The conservative frontrunner to become Australia’s next prime minister declared “this is our country” as he unveiled a tough new temporary visa policy yesterday that would strip boat people of basic rights.
Liberal Party of Australia leader Tony Abbott, who opinion polls show is on track to win Sept. 7 national elections, said he planned to return to punitive refugee policies of the former conservative administration, also flagging an axing of appeal rights for failed asylum claims.
“This is our country and we determine who comes here,” Abbott told reporters, deliberately harking back to the ruthless stance of veteran Liberal-National coalition leader and former Australian prime minister John Howard.
Abbott’s policy would see the 32,000 boat people currently awaiting processing by Australia, and any future arrivals, placed on three-year temporary protection visas if they are found to be genuine refugees.
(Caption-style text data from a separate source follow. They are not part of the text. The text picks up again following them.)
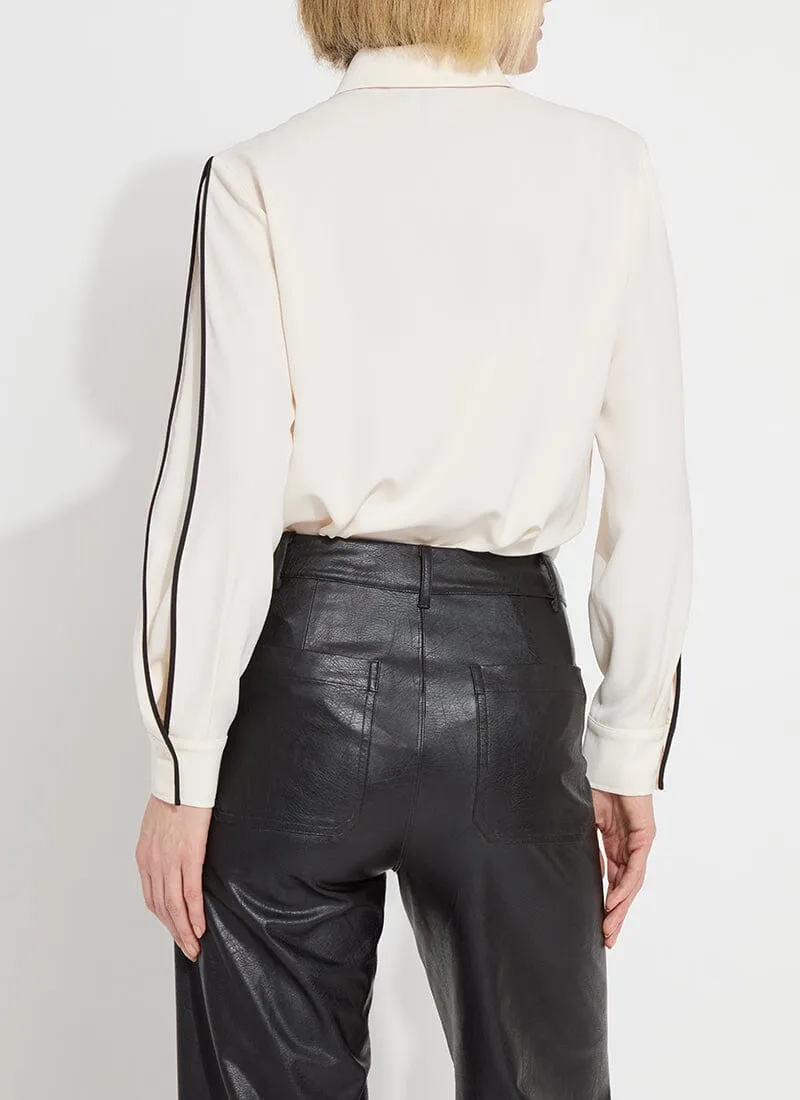 Luna Blouse with Pleated Sleeves | Chalk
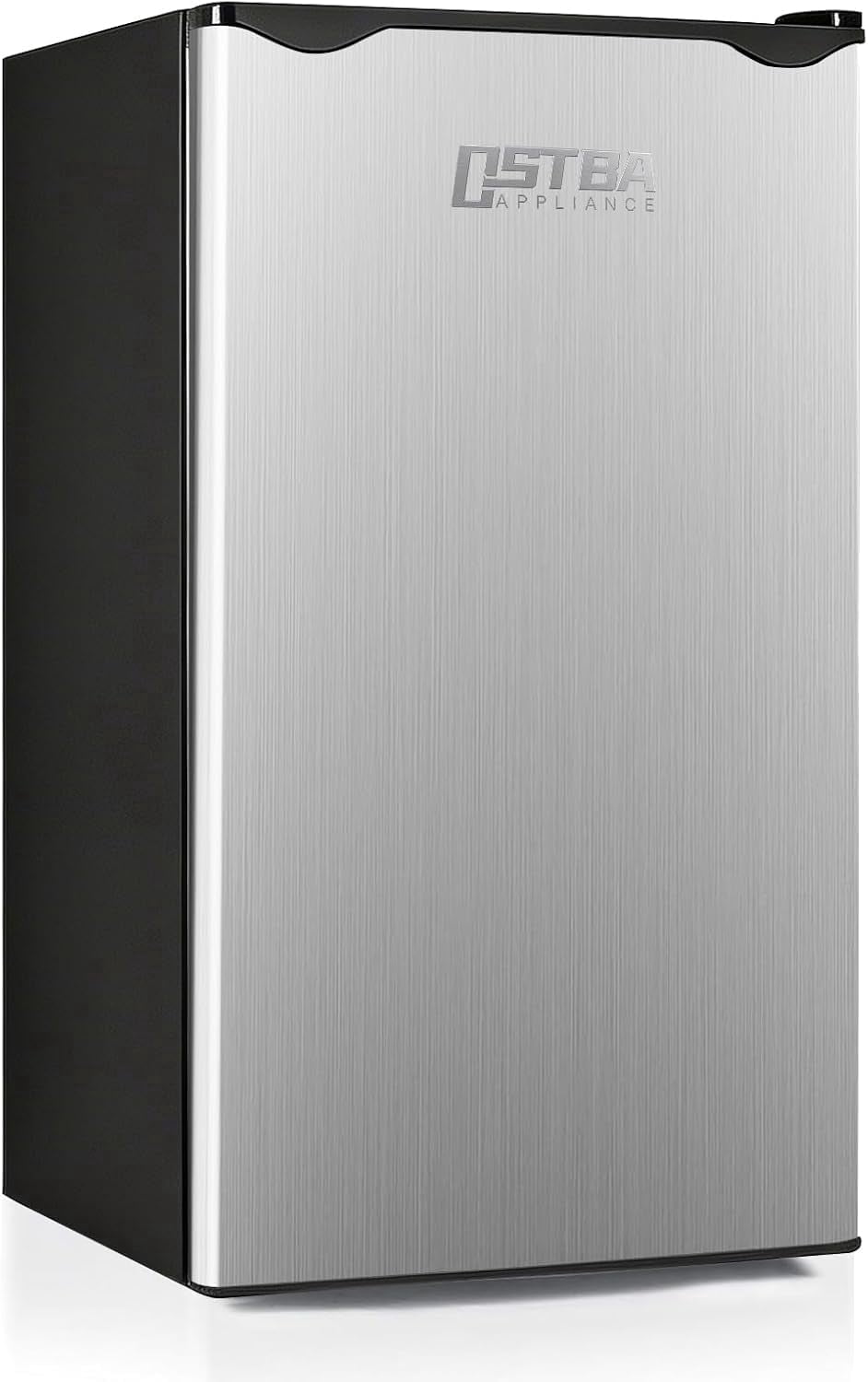 OSTBA 3.2 Cu.Ft Mini Fridge with Freezer, Single Door Compact Refrigerator with Adjustable Thermostat, Low Noise, Removable Glass Shelves, Large Capacity for Bedroom, Dorm, Office,Silver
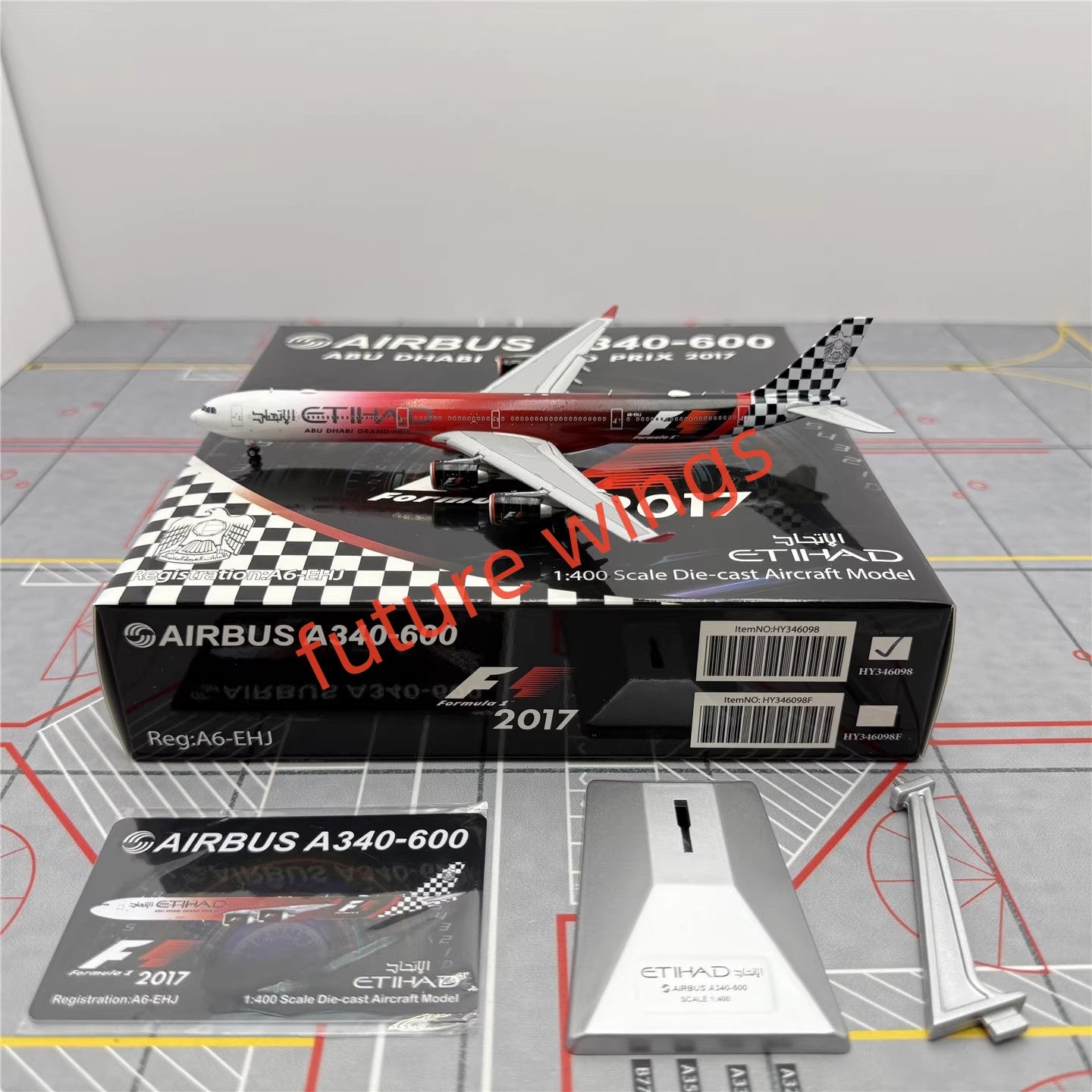 1:400 YY Wings Etihad Airways A340-600 A6-EHJ Aircraft Model+Free Tractor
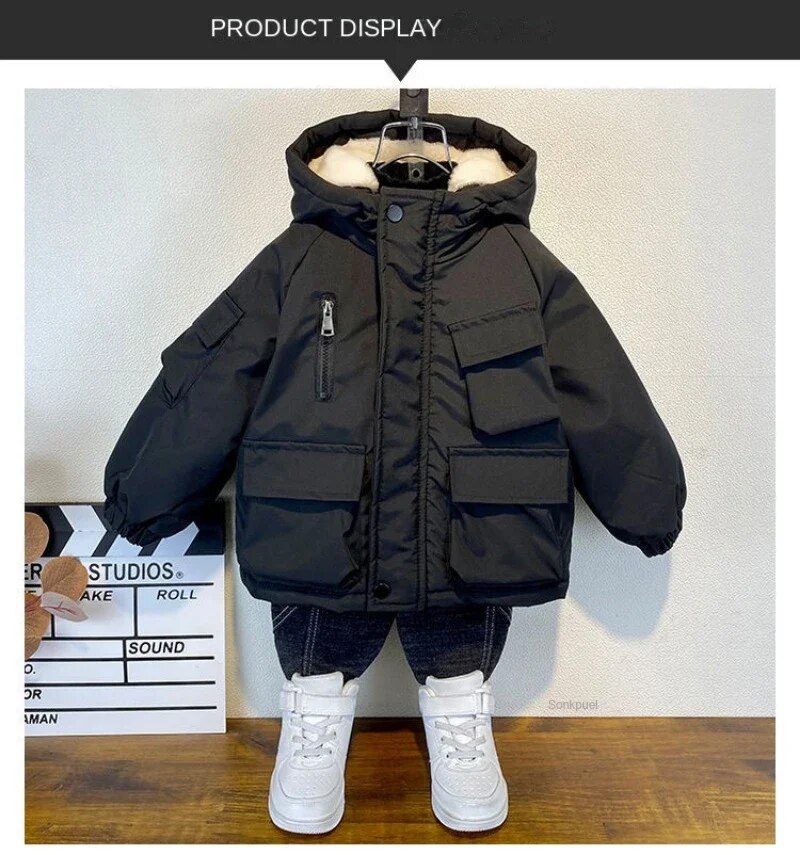 Nova jaqueta de algodão para inverno, casaco preto com capuz para meninos, roupas para crianças, adolescentes de 3 a 8 anos, parka acolchoado, traje de neve_voghion.com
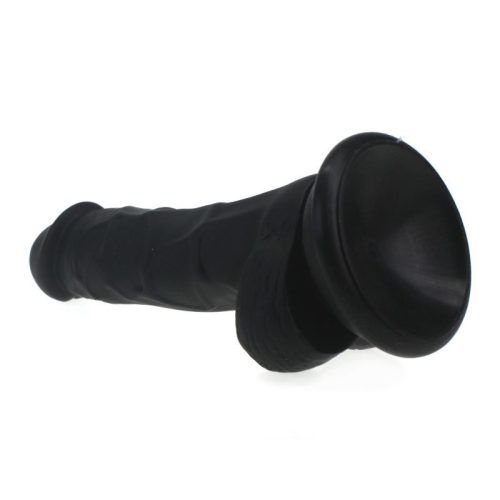 Realistic Dildo Veined Shaft w Balls Black - Image 5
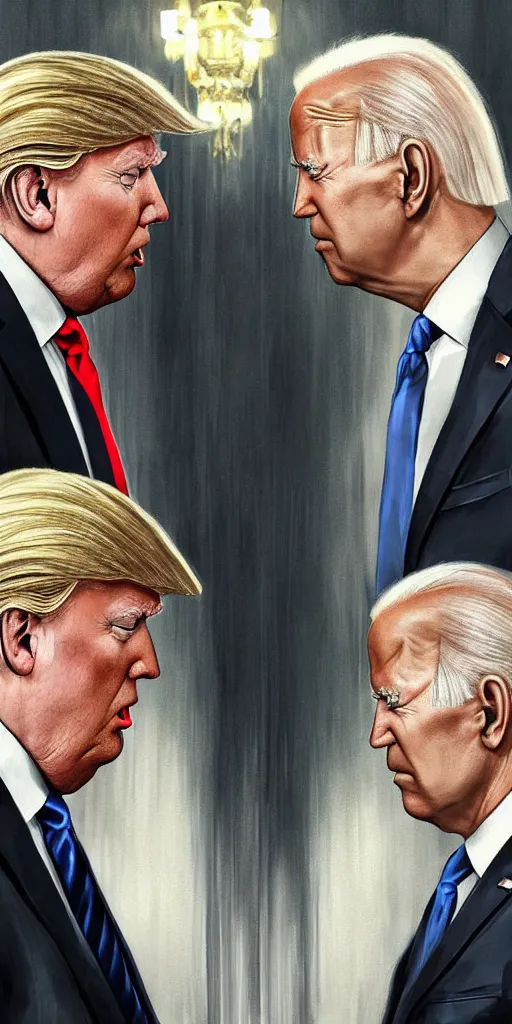 Image similar to symmetry!! donald trump and joe biden looking at each other in a hall, evil, very detailed, perfect lighting, perfect composition, 4 k, artgerm, derek zabrocki, greg rutkowski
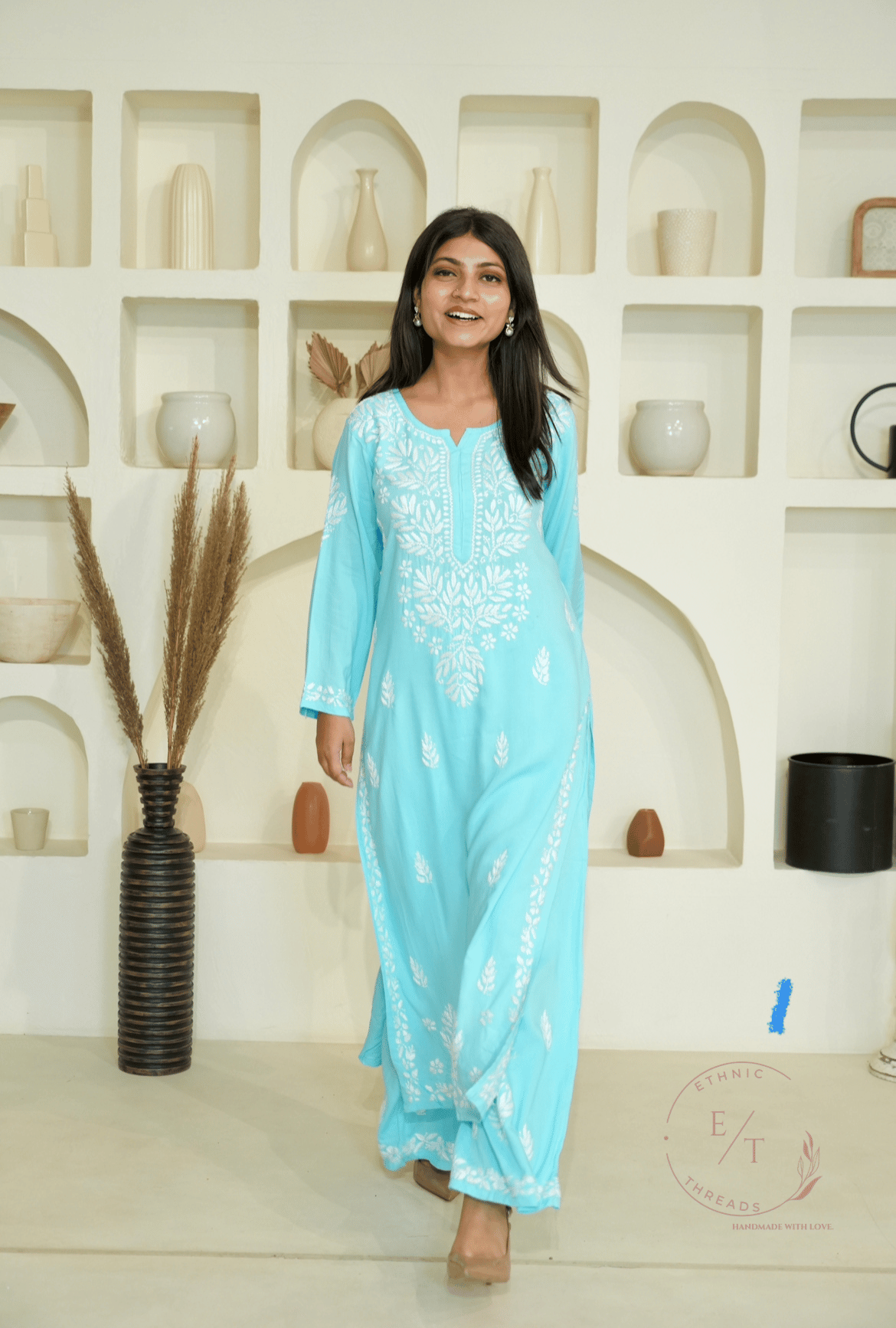 Zainab chikankari set in Blue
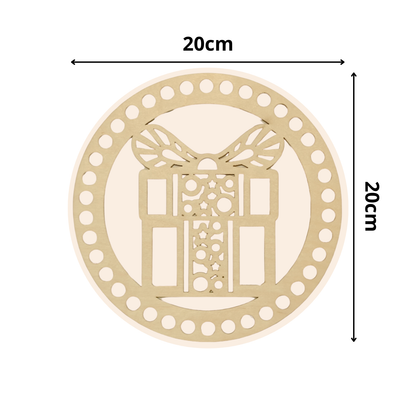 Korbboden rund Ø 20 cm – Geschenk mit Schleife, modern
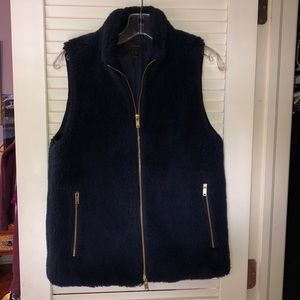 EUC J. Crew Faux Fur Vest in Navy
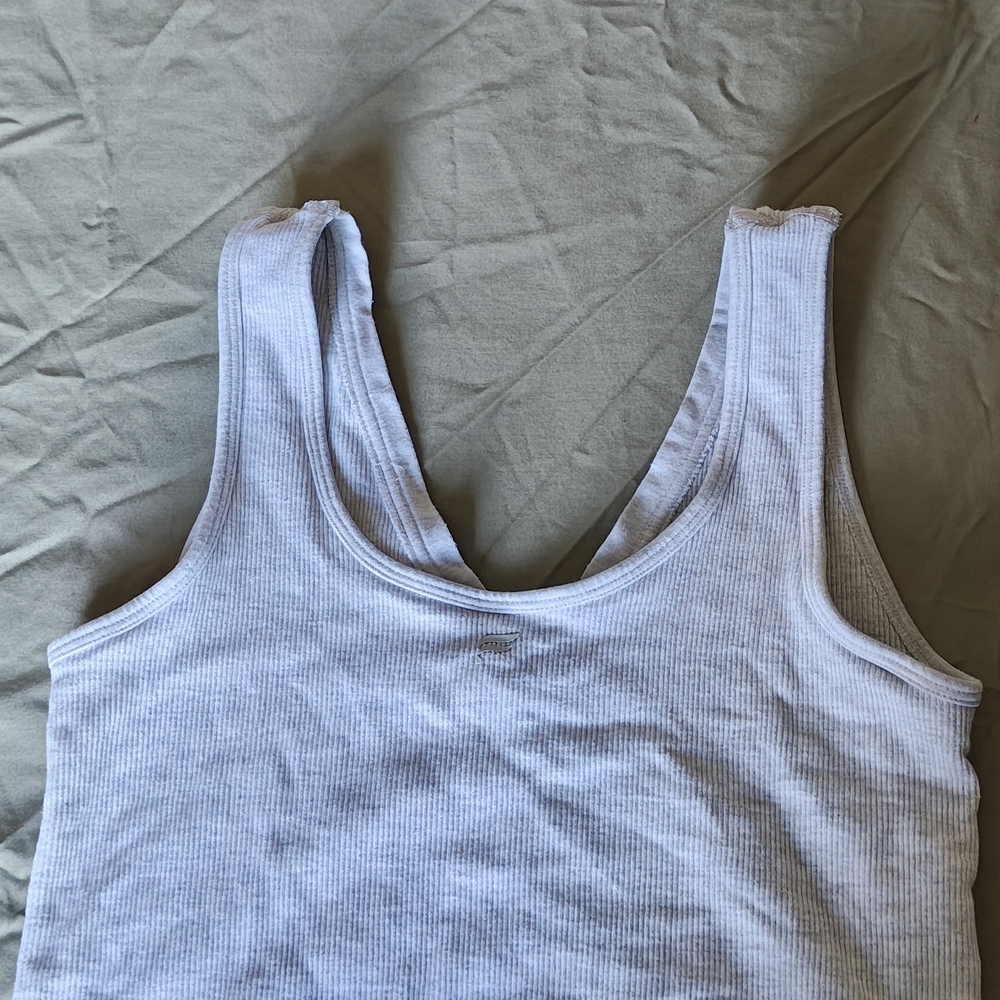 Fabletics Light Gray Ribbed Tank Top - Picture 2 of 3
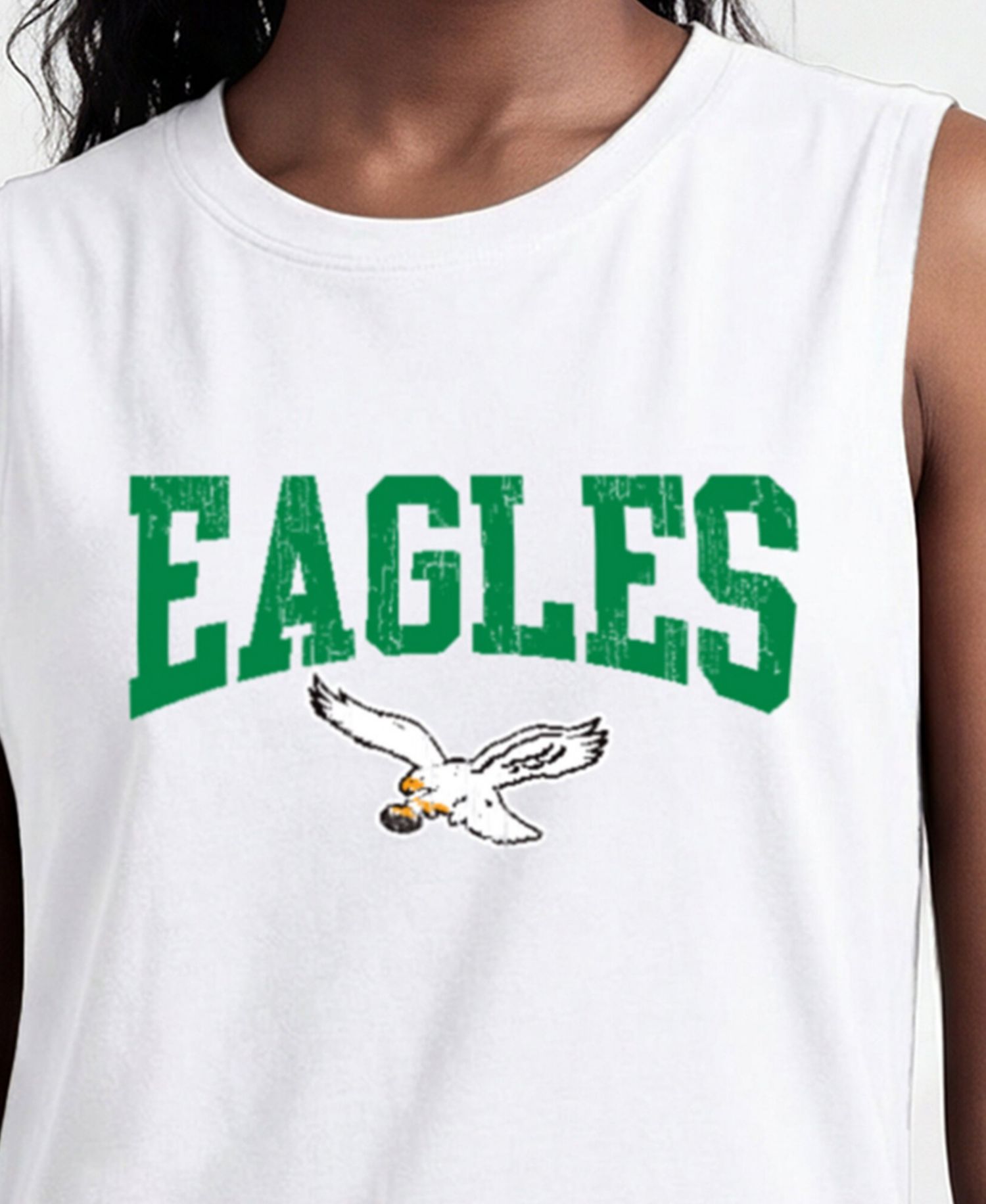 Women's Philadelphia Eagles Distressed Muscle Tank Top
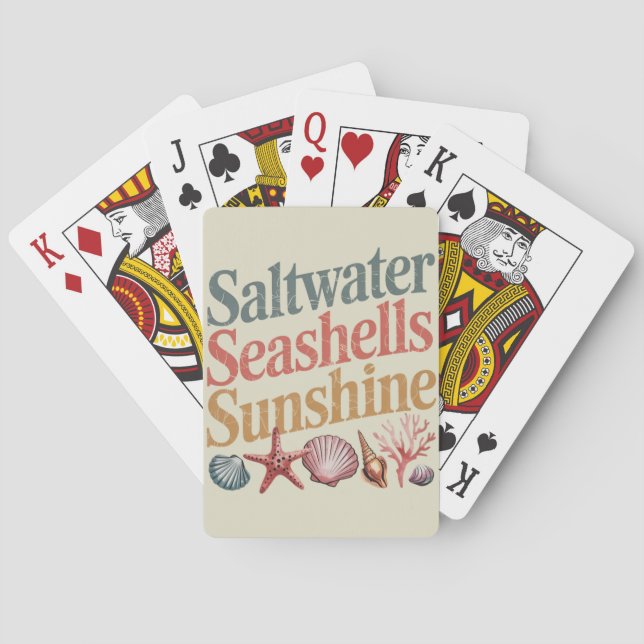 Baraja De Cartas Saltwater Seashells Sunshine Summer Beach Vacacion (Reverso)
They would be forced into an indefinite work-for-welfare program, denied permanent residency or family reunion rights and stripped of appeal avenues over their refugee claims.
Abbott has already announced plans for military-led patrols off Australia’s northwest coast, where people-smuggling ships often make their way from Indonesia and Sri Lanka, vowing to turn them back.
His latest policy was condemned as cruel by refugee activists and the left-wing Greens Party, who described it as posturing by Abbott on the sensitive political issue.
“This is a Tony Abbott stunt to thump his chest and look tough,” Greens Senator Sarah Hanson-Young told reporters. “There is no national emergency, there is a humanitarian emergency, and nothing Tony Abbott has offered today does anything to deal with that.”
Under Howard’s so-called “Pacific Solution” last decade, refugees who arrived on people-smuggling boats were banished to Nauru and Papua New Guinea and held behind razor wire in spartan detention camps for a prolonged period.
The Asylum Seeker Resource Centre, an advocacy and activist group, said Australia would be the only country in the developed world to deny refugees the right of appeal under Abbott, accusing both major parties of effectively abandoning the UN’s Refugee Convention.
The Labor party unwound many of Howard’s policies when it took office in 2007 in favor of a more humanitarian approach, but years of record boat arrivals saw it return to offshore Pacific processing and roll out an even tougher scheme.